The Point of Rocks, which was named by the Department of Transportation, is a prominent outcrop of the upper part of the Baraboo Quartzite on the east side of the highway about four miles south of Baraboo at the south end of a tight curve toward the east. It is very important to geologists because it has the best exposure known of sedimentary features in the Quarzite, including cross bedding, reactivation surfaces, soft-sediment deformation, and ripple marks. It also has a zone of a complexly deformed and metamorphosed fine-grained sediments within the Quartzite. There are multiple cleavages, whose relationships to one another are challenging for structural geologists (it is a twin to the exposure along Skillet Creek about a mile to the east). This deformed interval also has fine examples of boudinage and it is characterized by the layered silicate pyrophyllite (metamorphic equivalent of kaolinite).
The Point of Rocks road cut is historically important because of the pioneering work in structural and metamorphic geology by Charles R. Van Hise and associates in the late 19th century. Van Hise was both Professor of Geology and Director of a USGS Lake Superior District Office established at the UW for the investigation of all of the Lake Superior iron ranges, including Baraboo. Confronted with generally poor exposures but complex structure in those ranges, Van Hise and his army of assistants perfected the use of outcrop-scale structures such as bedding-cleavage relationships, drag folds, way-up criteria, etc. to infer larger, inter-outcrop scale structures. These principles became universally recognized and applied worldwide in the early 20th Century thanks largely to the contributions of the “Wisconsin School of Geology.”

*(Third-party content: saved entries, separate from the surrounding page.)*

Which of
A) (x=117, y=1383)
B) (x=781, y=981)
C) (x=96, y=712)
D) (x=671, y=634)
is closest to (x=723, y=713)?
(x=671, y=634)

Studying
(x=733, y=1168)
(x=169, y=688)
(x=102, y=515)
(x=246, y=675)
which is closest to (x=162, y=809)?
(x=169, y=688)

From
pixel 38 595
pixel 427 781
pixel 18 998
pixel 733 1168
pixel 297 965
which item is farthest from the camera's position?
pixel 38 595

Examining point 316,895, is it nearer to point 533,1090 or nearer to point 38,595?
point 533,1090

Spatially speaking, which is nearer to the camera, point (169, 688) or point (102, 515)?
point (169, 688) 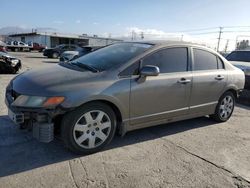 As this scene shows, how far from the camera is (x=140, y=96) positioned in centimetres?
400

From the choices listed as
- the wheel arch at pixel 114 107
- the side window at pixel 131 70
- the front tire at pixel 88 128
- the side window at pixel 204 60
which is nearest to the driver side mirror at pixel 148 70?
the side window at pixel 131 70

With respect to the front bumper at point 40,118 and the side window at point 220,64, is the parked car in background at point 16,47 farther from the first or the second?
the front bumper at point 40,118

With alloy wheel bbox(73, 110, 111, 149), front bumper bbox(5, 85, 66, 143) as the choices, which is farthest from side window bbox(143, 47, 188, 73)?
front bumper bbox(5, 85, 66, 143)

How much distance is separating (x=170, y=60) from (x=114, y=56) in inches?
38.6

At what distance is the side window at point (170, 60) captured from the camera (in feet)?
14.0

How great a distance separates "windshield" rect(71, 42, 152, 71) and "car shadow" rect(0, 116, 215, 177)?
4.16ft

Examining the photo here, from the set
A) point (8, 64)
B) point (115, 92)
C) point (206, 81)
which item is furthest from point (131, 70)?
point (8, 64)

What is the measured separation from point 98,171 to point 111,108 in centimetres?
95

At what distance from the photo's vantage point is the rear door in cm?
481

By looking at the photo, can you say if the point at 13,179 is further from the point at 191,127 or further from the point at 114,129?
the point at 191,127

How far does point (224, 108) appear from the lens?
557cm

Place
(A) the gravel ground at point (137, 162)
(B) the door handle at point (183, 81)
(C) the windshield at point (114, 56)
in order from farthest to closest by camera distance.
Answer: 1. (B) the door handle at point (183, 81)
2. (C) the windshield at point (114, 56)
3. (A) the gravel ground at point (137, 162)

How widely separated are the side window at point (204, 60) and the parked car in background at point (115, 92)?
0.06 feet

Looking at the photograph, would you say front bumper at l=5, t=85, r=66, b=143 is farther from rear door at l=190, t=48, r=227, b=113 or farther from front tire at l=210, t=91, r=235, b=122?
front tire at l=210, t=91, r=235, b=122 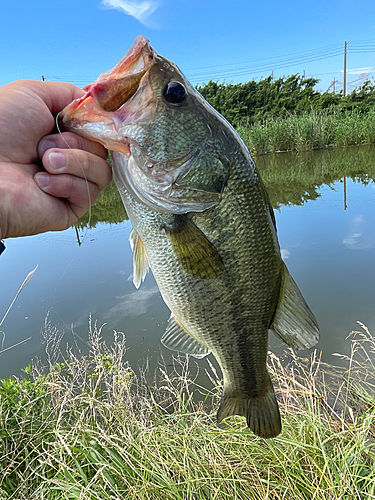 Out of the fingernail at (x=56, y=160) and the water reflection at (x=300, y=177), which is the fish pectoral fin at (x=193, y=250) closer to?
the fingernail at (x=56, y=160)

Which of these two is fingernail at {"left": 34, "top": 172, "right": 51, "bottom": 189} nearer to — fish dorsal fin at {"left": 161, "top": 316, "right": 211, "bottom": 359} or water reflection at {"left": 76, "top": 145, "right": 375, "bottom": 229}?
fish dorsal fin at {"left": 161, "top": 316, "right": 211, "bottom": 359}

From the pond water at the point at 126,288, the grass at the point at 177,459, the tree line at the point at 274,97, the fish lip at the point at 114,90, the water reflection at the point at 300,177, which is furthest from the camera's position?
the tree line at the point at 274,97

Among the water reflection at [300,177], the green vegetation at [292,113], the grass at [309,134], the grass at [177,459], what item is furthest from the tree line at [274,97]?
the grass at [177,459]

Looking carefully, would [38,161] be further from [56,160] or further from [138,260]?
[138,260]

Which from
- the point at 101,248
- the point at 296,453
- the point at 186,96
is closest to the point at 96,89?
the point at 186,96

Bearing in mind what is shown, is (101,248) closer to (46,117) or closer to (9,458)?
(9,458)

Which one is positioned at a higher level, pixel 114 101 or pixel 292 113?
pixel 292 113

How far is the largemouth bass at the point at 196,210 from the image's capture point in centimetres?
113

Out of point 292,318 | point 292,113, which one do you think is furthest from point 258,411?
point 292,113

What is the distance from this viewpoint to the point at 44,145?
1.27m

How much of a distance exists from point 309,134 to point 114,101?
696 inches

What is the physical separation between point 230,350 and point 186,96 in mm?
1089

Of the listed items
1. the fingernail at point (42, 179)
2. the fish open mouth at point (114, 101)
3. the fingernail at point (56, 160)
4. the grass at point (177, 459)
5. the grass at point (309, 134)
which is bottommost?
the grass at point (177, 459)

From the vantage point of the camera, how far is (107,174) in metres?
1.36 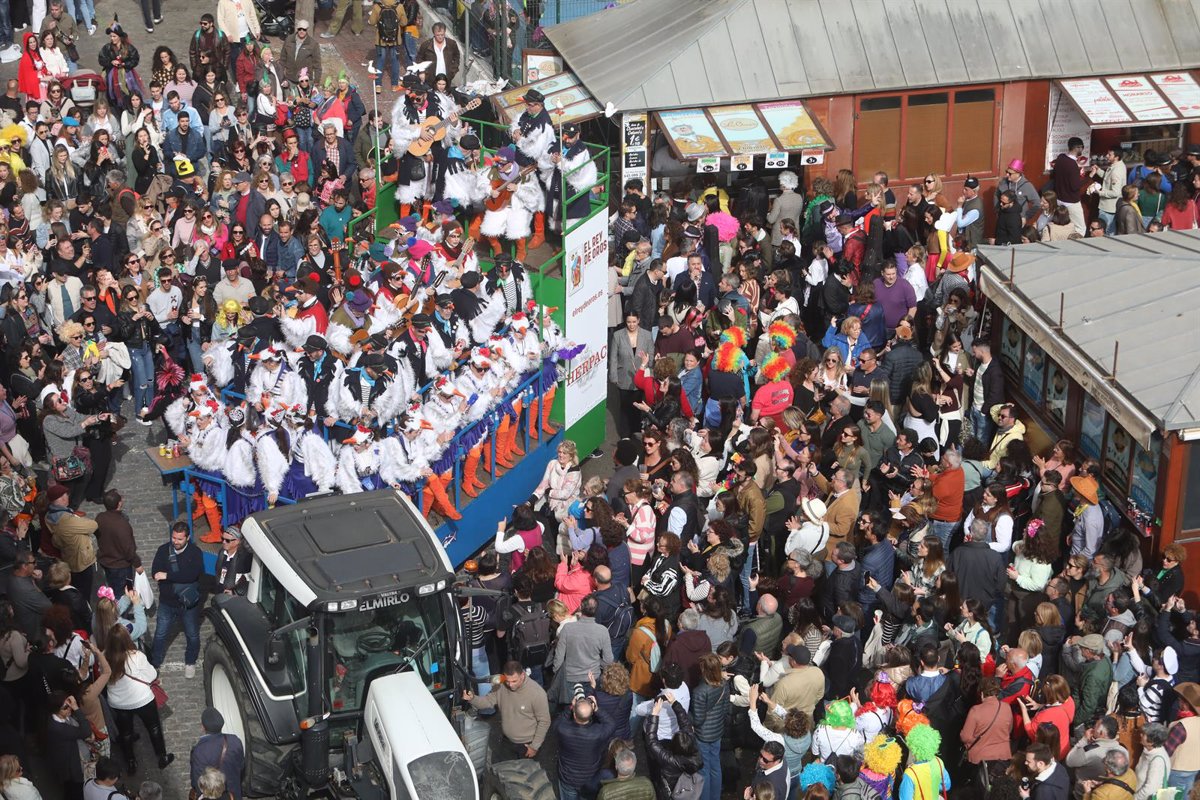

Together with Van Hise Rock, exposures at Devils Lake, and elsewhere in the Baraboo District, the Point of Rocks was key to inferring the large synclinal structure of the District around 1900. Thenceforth, the accessibility of the Baraboo exposures has made the area a mecca for geologists from all over the USA and even from abroad to study these features. In spring and fall, countless buses and vans from dozens of colleges visit the Baraboo Hills. Many stop at Point of Rocks.
In 2007, thanks to the collective efforts of department faculty Basil Tikoff, Laurel Goodwin, and Gordon Medaris, State Geologist Jamie Robertson, and John Attig of the Wisconsin Geological and Natural History Survey and Professor Emeritus Robert H. Dott, Jr., the Department of Transportation was persuaded to redesign a new four-lane alignment for US 12 to avoid the treasured road cut. The DOT people were very receptive and agreed to re-route the new highway slightly. As part of the negotiations, the DOT suggested having a study performed of the Eligibility for Historical Listing of the site. This received a positive determination from the Historical Society, which satisfied the DOT as sufficient protection. Professor Dott then felt that they should apply for actual listing rather than just eligibility. He has been working for the past three years on an application for listing, which turned out to be a long and involved process. Thanks to the generous help of Daina Penkiunas of the Historical Preservation Office of the Historical Society, the nomination was completed and the rest is history.